- Mamy spotkać się w barku, tam gdzie zawsze - powiedział na antenie TVN24 Czesław Dolecki z Katowic. Mowa o planowanym spotkaniu premiera Donalda Tuska z katowiczaninem, na które panowie umawiają się od czasu ostatniej kampanii wyborczej. Podobno ma do niego dojść dzisiaj w samo południe w stołówce Spółdzielni Socjalnej "Rybka".
- Najważniejsze jest dla mnie, by premier dotrzymał słowa - powiedział w "Poranku TVN24" Czesław Dolecki i dodał, że ma "pewne bolące pretensje" do szefa rządu.
Umawiają się od 3 października
Do spotkania Czesława Doleckiego z Donaldem Tuskiem doszło po raz pierwszy, gdy premier na początku października prowadził kampanię wyborczą na Śląsku i odwiedził Katowice. Z tłumu, który otoczył wtedy szefa rządu, słychać było pana Czesława. Tusk zaproponował więc, by spotkali się w ciągu kilku dni na spokojną rozmowę i obiad w pobliskiej stołówce spółdzielni "Rybka".
Do spotkania jednak nie doszło, bo premier wprawdzie pojawił się w stołówce, ale na kilka godzin przed planowanym terminem.

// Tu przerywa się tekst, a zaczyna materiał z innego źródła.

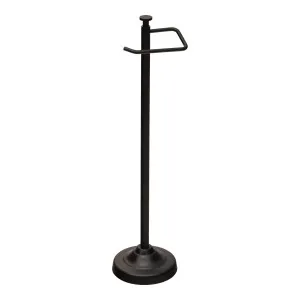 Albury Freestanding Toilet Paper Storage Stand, Black by Schots, a Toilet Paper Holders for sale on Style Sourcebook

Donald Tusk zmienił plany wieczorem poprzedniego dnia ze względu na planowaną demonstrację kibiców.
Później w rozmowie telefonicznej premier i pan Czesław umówili się na obiad 22 października, jednak wtedy też nie udało się panom spotkać. Czy tym razem odbędzie się długo oczekiwana rozmowa?